A classic market failure prevents many employers from offering an efficient level of take-home pay on their own: adverse selection. If only a few firms offer high take-home pay, these firms will attract a disproportionate number of “high-cost” employees who value high take-home pay relative to paid leave (e.g., women without plans to have children). Employers at these firms might compensate for their larger share of high-cost employees by offering lower amounts of paid leave, leading individuals who are unlikely to want as much take-home pay (relative to paid leave) to avoid these firms. For this reason (and likely others), the implementation of high-wage policies at the employer level has been low.

The result in this alternative formulation is that most employers — in order to attract workers who value paid leave relative to high wages — won’t reduce paid leave enough to make it profitable for them to offer higher wages.

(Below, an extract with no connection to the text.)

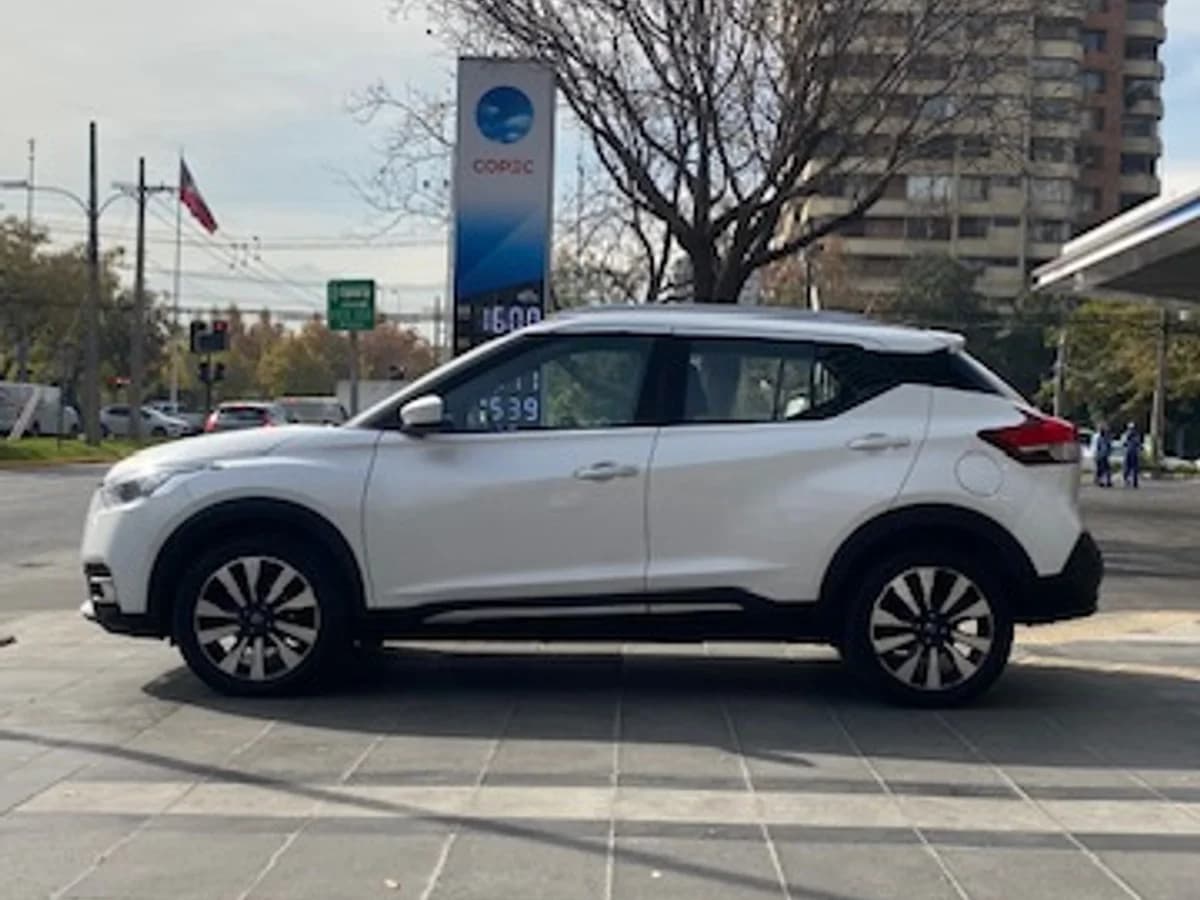 NISSAN KICKS ADVANCE 1.6 MT 2017 - Imagen 4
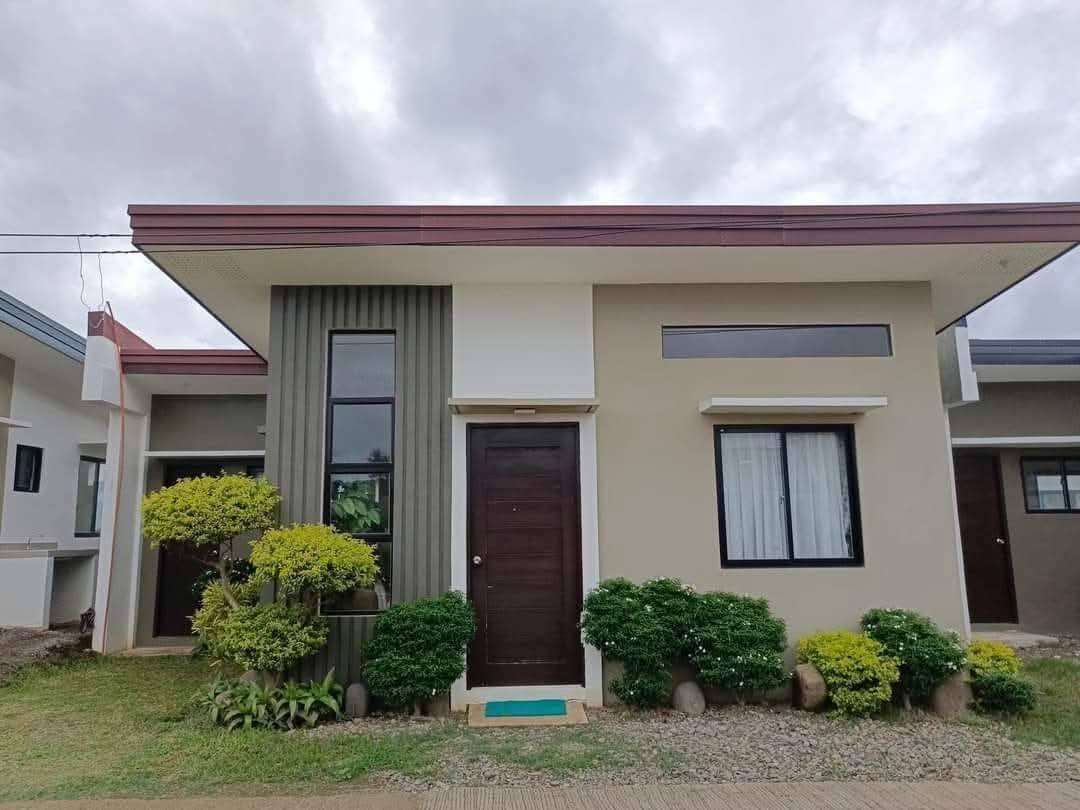 FOR SALE! 3BR  House & Lot for in Brgy Estefania Bacolod-AP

Hence, the market supplies too little take-home pay relative to paid leave.

The reasoning in this alternative tale of adverse selection — namely, how it leads to too much paid leave relative to take-home pay — is no less (and no more) sound than is the reasoning Dr. Mathur uses in her attempt to explain how adverse selection leads to too little paid leave relative to take-home pay. In each case a mere hypothetical is asserted; in neither case is there any reason to take the hypothetical seriously as a description of reality.

The case for government intervention surely requires a sturdier basis than the telling of a logically coherent, but empirically unsupported, tale of hypothetical market failure.